If one looks at the earlier OpenMP construct implementations for the OpenMP dialect, the omp.parallel operation is very close and can be used as a template for the target operation.

The current effort for OpenMP dialect is towards Flang and OpenMP target support has not been implemented in the front end yet. The following path is being adopted by the community to lower the OpenMP support to LLVM IR for Flang.

[Fortran code] → Parser → [AST] → Lowering → [FIR + OpenMP MLIR] → Conversion → [LLVM + OpenMP MLIR] → Translation (Use OpenMPIRBuilder) → [LLVM IR]

OpenMPIRBuilder does not support the OpenMP target construct yet. Based on the current support, one possible path to implementing the target operation is:

[C code] → Parser → [AST] → Lowering → [OpenMP MLIR] → Conversion → [LLVM + OpenMP MLIR] → [LLVM IR]

Since MLIR operations are front-end agnostic, the implementation can be used by the Flang front end when it has the target support.

Regarding design issues:

  1. Representation of the target Construct: The construct can be represented by an operation (omp.target) with one region.
  2. Representation of the clauses: It should be similar to the omp.parallel operations
    a. [OpenMP] Parallel Operation design issues
    b. 'omp' Dialect - MLIR

omp.target (::mlir::omp::TargetOp)

target construct

Map variables to a device data environment and execute the construct on that device

The $if_expr_var parameter specifies a Boolean result of a conditional check. If this value is 0, the target region is executed by the host device in the host data environment.

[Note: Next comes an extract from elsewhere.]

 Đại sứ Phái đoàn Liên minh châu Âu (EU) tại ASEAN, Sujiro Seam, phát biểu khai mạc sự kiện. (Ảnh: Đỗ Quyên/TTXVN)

The $num_device_var specifies the device ID which is a non-negative integer value less than the value of omp_get_num_device().

The $default_map_val attribute specifies the mapping rule from firstprivate to tofrom for scalar variables.

The $private_vars and $firstprivate_vars parameters are a variadic list of values that specify the data-sharing attribute of those values.

The $map_var attribute specifies the data variables in the list to be explicitly mapped from the original variables in the host data environment to the corresponding variables in the device data environment of the device specified by the construct.

The $in_reduction_var specifies target task variables that are subject to reduction operation at the end of the regions. The GPU dialect has a reduction clause.

The $is_device_ptr_var indicates the data variables that are device pointers that exist within the device data environment.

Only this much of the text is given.